Pour une analyse contextualisée des productions spontanées

Pour observer au mieux les contextes de production, on peut les contrôler. C’est ce que font les études expérimentales, où l’on demande par exemple à des enfants de langues différentes de raconter une histoire à partir d’un livre d’images unique (par exemple Mayer, 1969 : l’histoire de la grenouille souvent utilisée pour comparer l’expression du déplacement). Cette dimension expérimentale ajoute à notre connaissance des comportements ou productions langagières probables (aussi appelée intuition du locuteur natif) l’idée de comportements possibles, et substitue à l’intuition une observation guidée. On postule bien entendu que les conditions expérimentales permettent une reprise de comportements habituels, mais l’expérimentation introduit forcément des biais (Lucy, 1996 : 47).

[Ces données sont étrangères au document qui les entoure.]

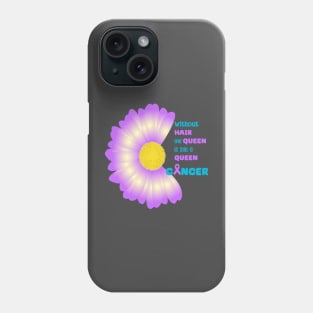 World Cancer Day, Phone Case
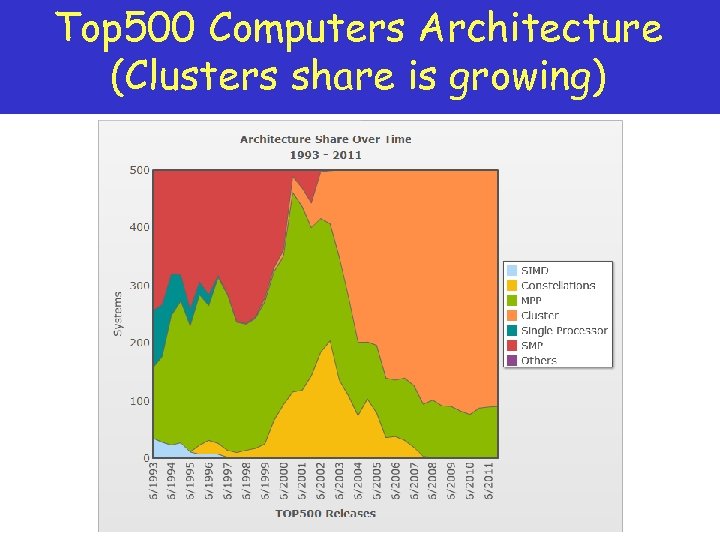Top 500 Computers Architecture (Clusters share is growing) 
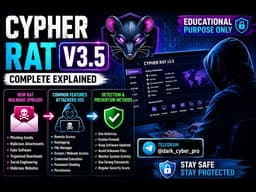 cypher rat v3 5 How RAT malware spreads Common features attackers use Detection & prevention methods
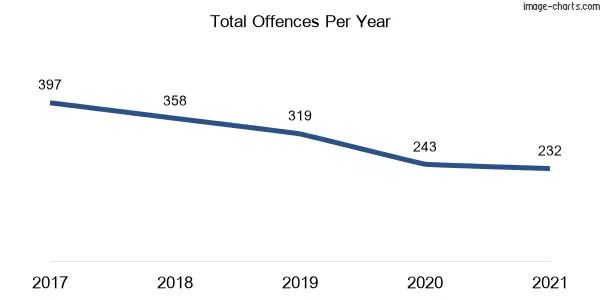 60-month trend of criminal incidents across Pennant Hills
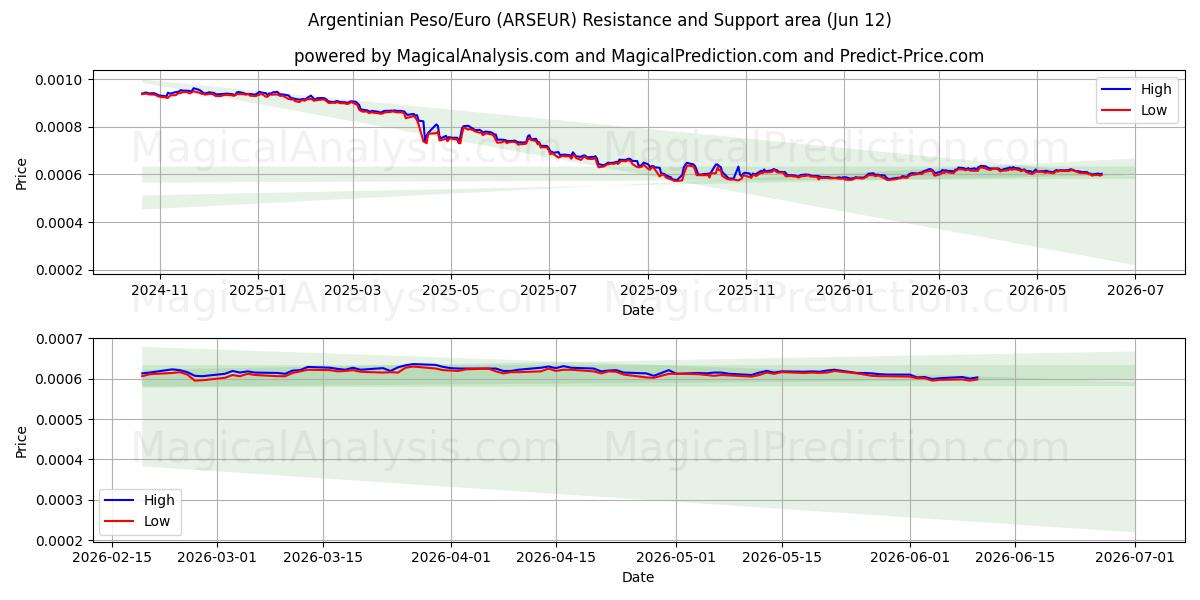  Peso Argentino/Euro (ARSEUR) Support and Resistance area (11 Jun) 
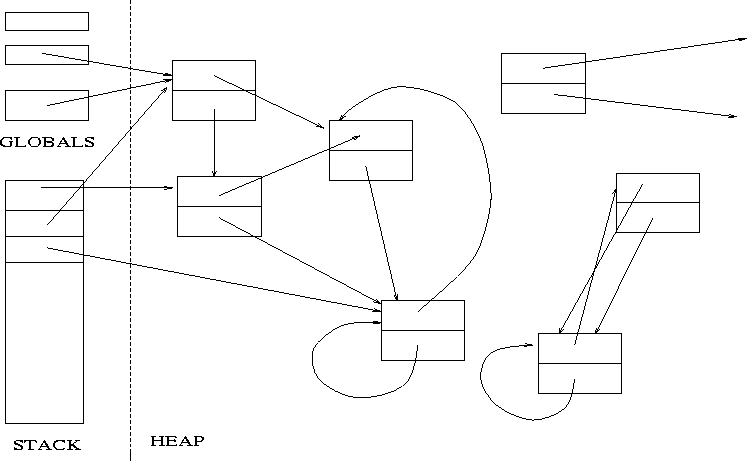 \psfig{figure=heap.ps,height=4in,width=6.5in}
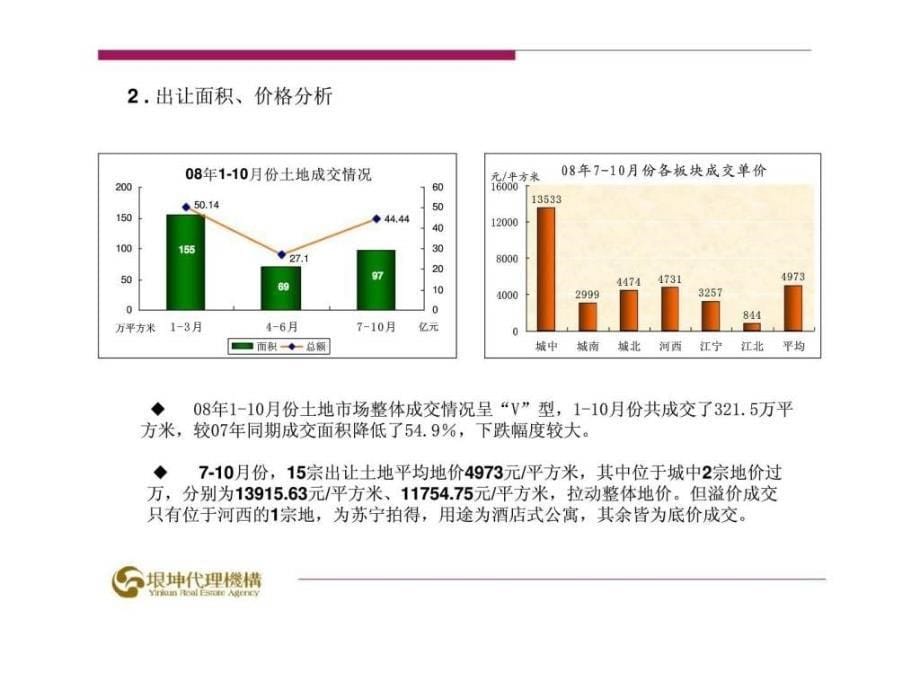 南京翠屏湾房地产项目市场研究报告_第5页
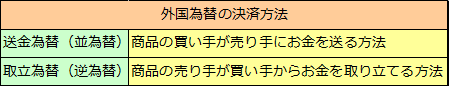 貿易と外国為替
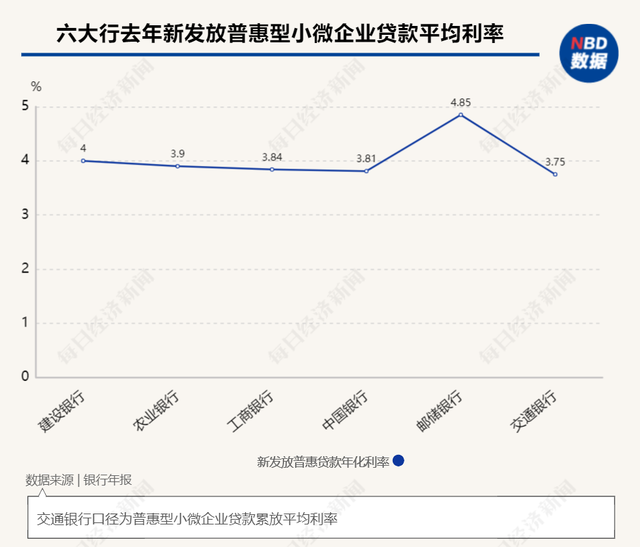 8.54万亿元！去年六大行普惠金融贷款“量增价降”：余额整体上涨超30%，平均利率最高下调34BP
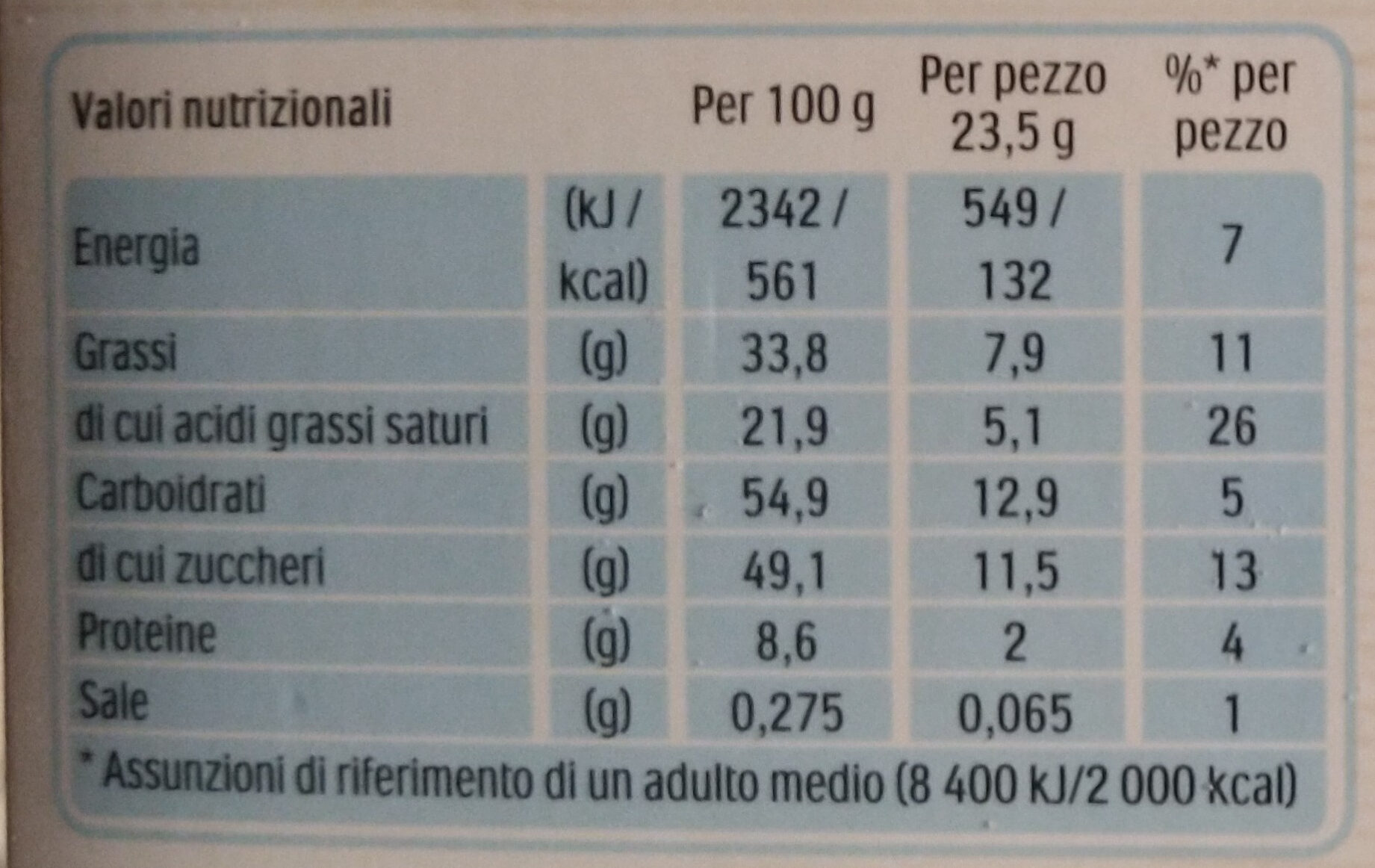 Allergens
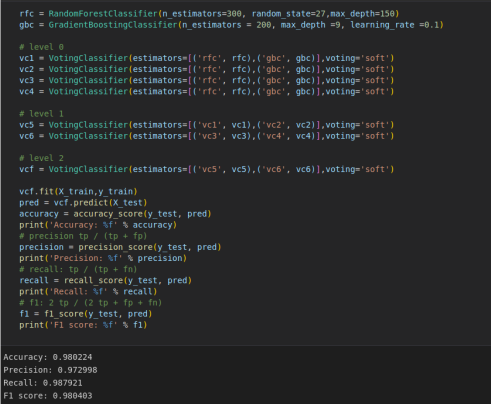 Github Debalay Dasgupta Phishing Url Detection Using Ml Socket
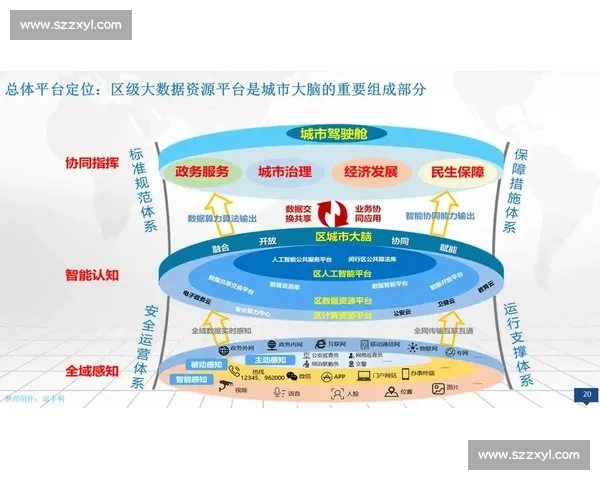 基于资源共享理念的创新模式探索与实践分析
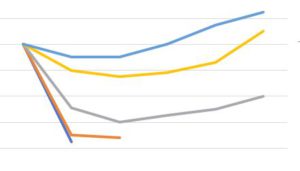 ROMA (ITALPRESS) - L'economia italiana rimane caratterizzata dal proseguimento di una fase di...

Or si les suivis longitudinaux se situent à l’opposé de l’expérimentation contrôlée (ils cherchent à rester au plus près des interactions naturelles) ils introduisent pourtant presque toujours un biais expérimental au sein de celles-ci : rares sont les interactions filmées qui restent absolument naturelles, et surtout, les contextes que l’on filme sont nécessairement plus restreints que le quotidien, et donc peu représentatifs (cf. chapitre II, 2.1). Il nous semble cependant que l’on peut réduire considérablement ce biais en réalisant des comparaisons contextualisées, qui montrent la spécificité de certains contextes de production et nous éloignent de généralisations que la spécificité des données ne permet pas d’atteindre.